Le Ong sono finite sotto accusa per la loro eccessiva presenza sul campo: si trovano sempre al posto giusto nel momento giusto. E con troppa frequenza. A oggi navigano nel nostro mare tredici navi appartenenti alle Organizzazioni non governative, cinque di queste sono tedesche. Due battono rispettivamente bandiera del Belize e delle Isole Marshall, paesi che non si distinguono per spirito collaborativo con le autorità giudiziarie. Sulle altre sventolano le bandiere di Gibilterra, della Nuova Zelanda e dell'Olanda. Ed è proprio su questi aspetti e, in particolare, sui metodi di finanziamento, che sta cercando di fare chiarezza la procura di Catania. Anche perché, dai primi accertamenti, è stato rilevato che i costi del naviglio di soccorso sono estremamente elevati: dagli 11.000 euro al giorno della nave Acquarius di Sos Mediterranée, ai 400.000 euro mensili che servono quando alle spese per la nave si sommano quelle per il noleggio dei sistemi di localizzazione con droni in territorio libico.

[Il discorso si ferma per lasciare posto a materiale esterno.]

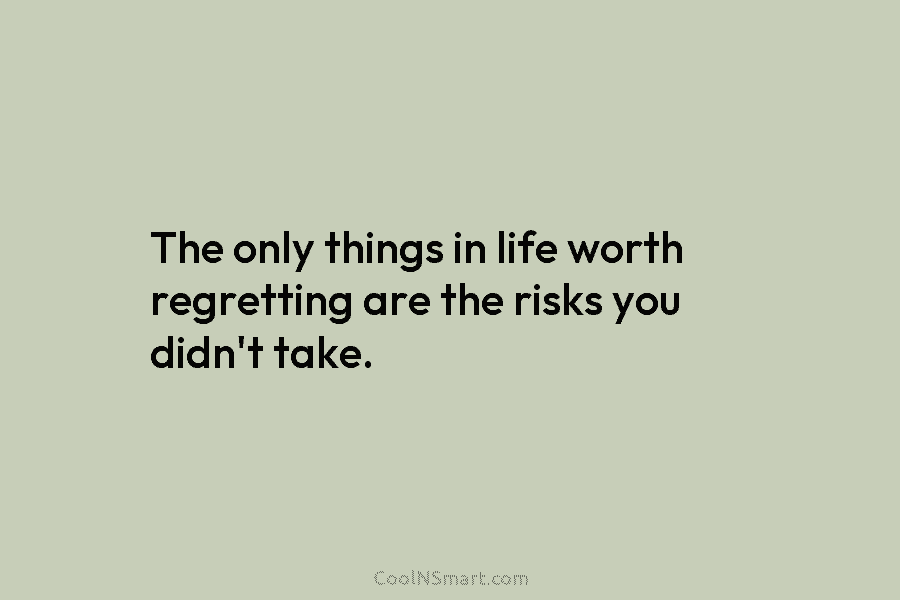 The only things in life worth regretting are the risks you didn’t take.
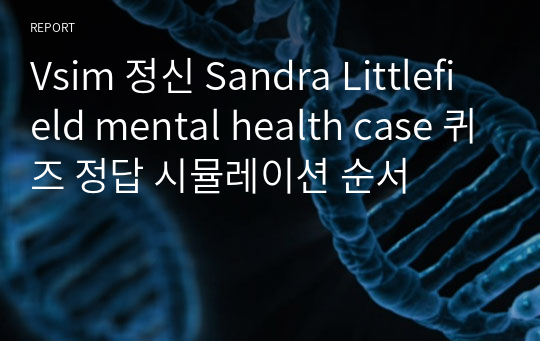 Vsim 정신 Sandra Littlefield mental health case 퀴즈 정답 시뮬레이션 순서
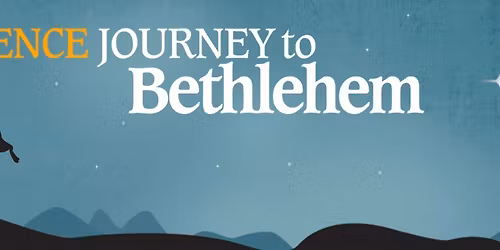 Journey to Bethlehem - Includes Daytime Sensory-Friendly Walk
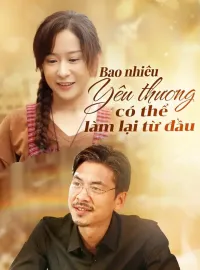 Bao nhiêu yêu thương có thể làm lại từ đầu
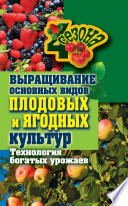 Выращивание основных видов плодовых и ягодных культур. Технология богатых урожаев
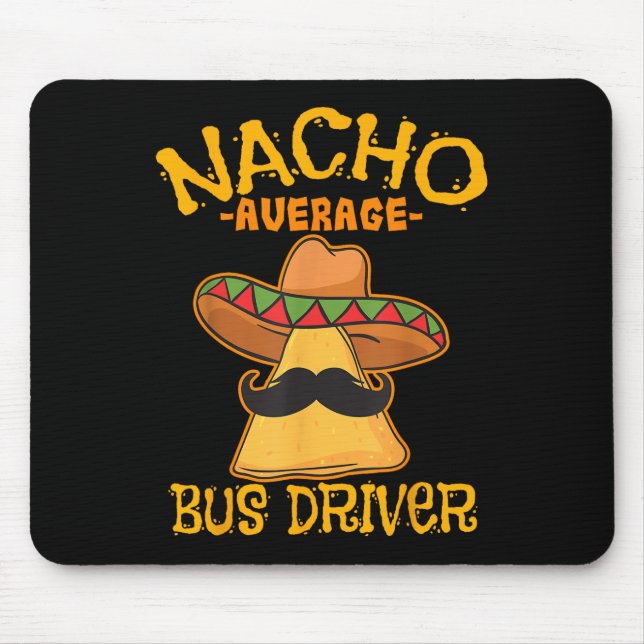 Nacho Average Bus Driver Transport Busman Cinco De Mouse Mat (Front)
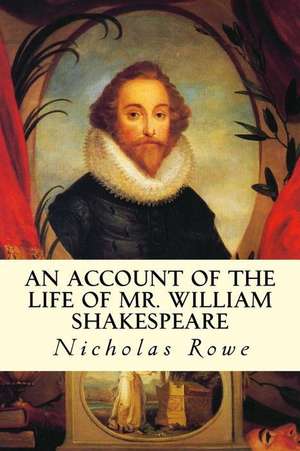 An Account of the Life of Mr. William Shakespeare de Nicholas Rowe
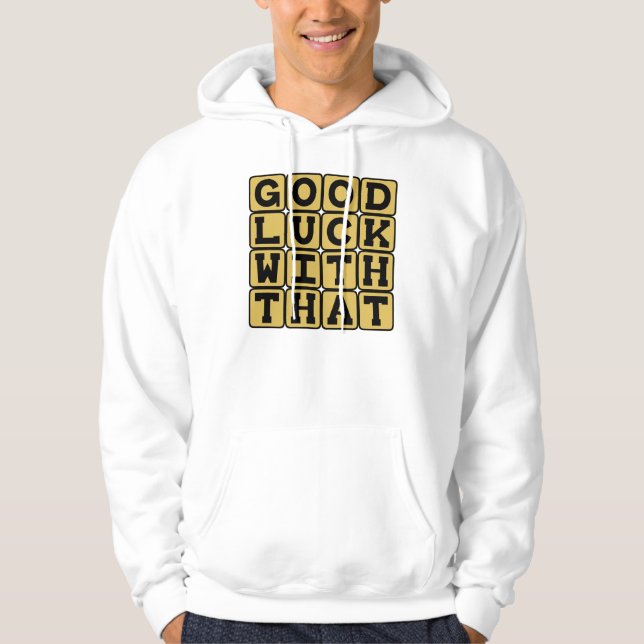 Sudadera Buena Suerte Con Eso, Deseo Sarcástico (Anverso)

Inoltre le facilitazioni con le quali i migranti riescono a essere soccorsi, stanno creando non pochi problemi al nostro sistema di accoglienza. E ne creeranno di maggiori non appena il bel tempo si farà sentire ancora di più. Il Viminale sta cercando di correre ai ripari e di fare in fretta il più possibile per trovare l'accordo con la Libia. Molto è stato fatto, ma non è ancora sufficiente. In questi giorni, sulle motovedette che abbiamo fornito a Tripoli, navigano i loro ufficiali addestrati in Italia. Avranno un compito non da poco: dovranno controllare 1700 chilometri di costa. Anche se non saranno soli, perché la zona è monitorata pure dalla Marina militare, e in particolare da uno dei nuovi sommergibili avuti in dotazione. Mezzi silenziosissimi che potranno scattare foto digitali e fare rilevamenti senza essere visti. Materiale che servirà per una sorta di schedatura degli scafisti e delle imbarcazioni usate per i traffici.

LE AUDIZIONI
Si cercano, dunque, tutte le soluzioni possibili per limitare i danni del fenomeno. E in attesa che la procura di Catania faccia chiarezza sulle presunte complicità delle Ong, c'è la Commissione difesa del Senato, presieduta da Nicola Latorre, che sta per concludere la sua indagine conoscitiva. La prossima settimana sarà dedicata alle audizioni, con la consapevolezza che la vera soluzione al problema si potrà avere solo con un accordo risolutivo con la Libia. «Un elemento - spiega Lorenzo Battista - che permetterebbe di creare un corridoio umanitario, con un presidio sul suolo libico».